What you need to do> From the records below, extract only the lines running from the line with "apron blonde_hair blue_eyes" to the line with "Crop Tişört fırsatları", both lines included, reproducing them exactly.

☆ ☆ ☆ ☆ ☆

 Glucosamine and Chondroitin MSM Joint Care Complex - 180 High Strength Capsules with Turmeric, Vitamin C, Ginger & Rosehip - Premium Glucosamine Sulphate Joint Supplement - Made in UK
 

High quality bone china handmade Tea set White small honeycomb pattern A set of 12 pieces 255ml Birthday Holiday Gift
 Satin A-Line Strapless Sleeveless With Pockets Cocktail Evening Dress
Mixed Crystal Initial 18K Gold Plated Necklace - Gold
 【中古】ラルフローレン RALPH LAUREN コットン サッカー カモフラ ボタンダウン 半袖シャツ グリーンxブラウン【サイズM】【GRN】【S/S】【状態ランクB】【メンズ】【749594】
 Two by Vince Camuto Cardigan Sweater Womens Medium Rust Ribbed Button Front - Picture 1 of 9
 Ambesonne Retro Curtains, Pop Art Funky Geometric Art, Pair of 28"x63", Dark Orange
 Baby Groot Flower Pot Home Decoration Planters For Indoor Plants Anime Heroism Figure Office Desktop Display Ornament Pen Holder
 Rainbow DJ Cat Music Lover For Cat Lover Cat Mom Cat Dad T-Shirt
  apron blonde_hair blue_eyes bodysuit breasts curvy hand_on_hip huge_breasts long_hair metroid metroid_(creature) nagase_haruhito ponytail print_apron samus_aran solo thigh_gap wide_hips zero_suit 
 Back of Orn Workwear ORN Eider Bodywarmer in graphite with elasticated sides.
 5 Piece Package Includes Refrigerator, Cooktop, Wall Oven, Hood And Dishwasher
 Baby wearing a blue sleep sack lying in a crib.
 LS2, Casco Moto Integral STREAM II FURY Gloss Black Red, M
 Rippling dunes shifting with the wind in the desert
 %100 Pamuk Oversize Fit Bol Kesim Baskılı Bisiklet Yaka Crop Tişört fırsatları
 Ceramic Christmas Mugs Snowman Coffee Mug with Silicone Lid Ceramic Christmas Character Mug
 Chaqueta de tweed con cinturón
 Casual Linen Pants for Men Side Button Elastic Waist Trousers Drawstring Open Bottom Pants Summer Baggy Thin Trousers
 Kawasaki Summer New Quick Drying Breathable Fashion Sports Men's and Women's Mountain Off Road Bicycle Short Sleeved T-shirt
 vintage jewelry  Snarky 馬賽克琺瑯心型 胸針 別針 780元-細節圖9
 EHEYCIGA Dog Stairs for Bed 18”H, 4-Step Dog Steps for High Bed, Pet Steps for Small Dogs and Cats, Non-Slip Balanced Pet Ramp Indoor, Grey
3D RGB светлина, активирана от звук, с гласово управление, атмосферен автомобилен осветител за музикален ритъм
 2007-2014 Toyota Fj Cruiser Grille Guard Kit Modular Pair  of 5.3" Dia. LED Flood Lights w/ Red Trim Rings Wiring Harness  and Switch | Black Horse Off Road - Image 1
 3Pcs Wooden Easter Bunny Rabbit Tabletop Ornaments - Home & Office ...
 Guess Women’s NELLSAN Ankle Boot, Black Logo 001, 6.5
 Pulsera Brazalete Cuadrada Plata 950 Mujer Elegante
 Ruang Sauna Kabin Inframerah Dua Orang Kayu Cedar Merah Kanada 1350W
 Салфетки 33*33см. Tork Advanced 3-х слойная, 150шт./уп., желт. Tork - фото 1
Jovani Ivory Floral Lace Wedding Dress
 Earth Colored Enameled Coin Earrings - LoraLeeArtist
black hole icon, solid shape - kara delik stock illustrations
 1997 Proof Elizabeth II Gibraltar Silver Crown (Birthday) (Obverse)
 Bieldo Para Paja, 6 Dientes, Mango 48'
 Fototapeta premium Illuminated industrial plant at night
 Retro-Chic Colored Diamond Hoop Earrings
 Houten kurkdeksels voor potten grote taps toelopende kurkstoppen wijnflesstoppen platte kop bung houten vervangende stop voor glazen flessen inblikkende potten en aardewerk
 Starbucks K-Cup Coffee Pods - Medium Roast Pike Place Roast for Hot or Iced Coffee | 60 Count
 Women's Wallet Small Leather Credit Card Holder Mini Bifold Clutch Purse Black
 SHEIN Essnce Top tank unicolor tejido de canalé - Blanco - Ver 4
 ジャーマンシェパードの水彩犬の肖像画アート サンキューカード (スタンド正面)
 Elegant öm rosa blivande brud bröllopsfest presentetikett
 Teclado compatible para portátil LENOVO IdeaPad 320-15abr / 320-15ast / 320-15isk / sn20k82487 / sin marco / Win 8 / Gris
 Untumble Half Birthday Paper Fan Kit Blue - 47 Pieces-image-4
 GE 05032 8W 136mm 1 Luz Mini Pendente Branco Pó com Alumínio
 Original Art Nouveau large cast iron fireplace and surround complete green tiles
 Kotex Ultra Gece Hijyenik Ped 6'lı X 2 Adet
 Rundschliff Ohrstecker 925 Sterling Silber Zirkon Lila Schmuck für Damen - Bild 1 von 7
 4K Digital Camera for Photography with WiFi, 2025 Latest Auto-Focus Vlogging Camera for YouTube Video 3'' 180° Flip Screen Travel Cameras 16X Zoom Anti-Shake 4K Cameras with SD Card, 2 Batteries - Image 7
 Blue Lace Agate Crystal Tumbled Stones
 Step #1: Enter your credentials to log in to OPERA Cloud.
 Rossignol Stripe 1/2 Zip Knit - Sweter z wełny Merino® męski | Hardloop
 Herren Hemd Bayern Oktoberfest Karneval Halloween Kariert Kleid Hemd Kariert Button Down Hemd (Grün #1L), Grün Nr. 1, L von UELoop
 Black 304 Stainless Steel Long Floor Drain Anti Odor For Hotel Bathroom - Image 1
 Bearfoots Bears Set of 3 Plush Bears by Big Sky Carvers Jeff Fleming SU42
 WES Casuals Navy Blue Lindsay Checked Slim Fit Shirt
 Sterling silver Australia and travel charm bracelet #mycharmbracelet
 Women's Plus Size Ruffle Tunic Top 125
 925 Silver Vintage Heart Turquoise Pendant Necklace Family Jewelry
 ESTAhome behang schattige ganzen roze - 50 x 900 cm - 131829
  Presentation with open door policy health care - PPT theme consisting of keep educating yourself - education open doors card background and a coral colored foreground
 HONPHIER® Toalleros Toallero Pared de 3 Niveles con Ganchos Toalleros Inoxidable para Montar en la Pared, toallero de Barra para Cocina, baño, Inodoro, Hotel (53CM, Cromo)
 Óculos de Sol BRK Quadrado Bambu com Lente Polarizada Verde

☆ ☆ ☆ ☆ ☆

Answer>
  apron blonde_hair blue_eyes bodysuit breasts curvy hand_on_hip huge_breasts long_hair metroid metroid_(creature) nagase_haruhito ponytail print_apron samus_aran solo thigh_gap wide_hips zero_suit 
 Back of Orn Workwear ORN Eider Bodywarmer in graphite with elasticated sides.
 5 Piece Package Includes Refrigerator, Cooktop, Wall Oven, Hood And Dishwasher
 Baby wearing a blue sleep sack lying in a crib.
 LS2, Casco Moto Integral STREAM II FURY Gloss Black Red, M
 Rippling dunes shifting with the wind in the desert
 %100 Pamuk Oversize Fit Bol Kesim Baskılı Bisiklet Yaka Crop Tişört fırsatları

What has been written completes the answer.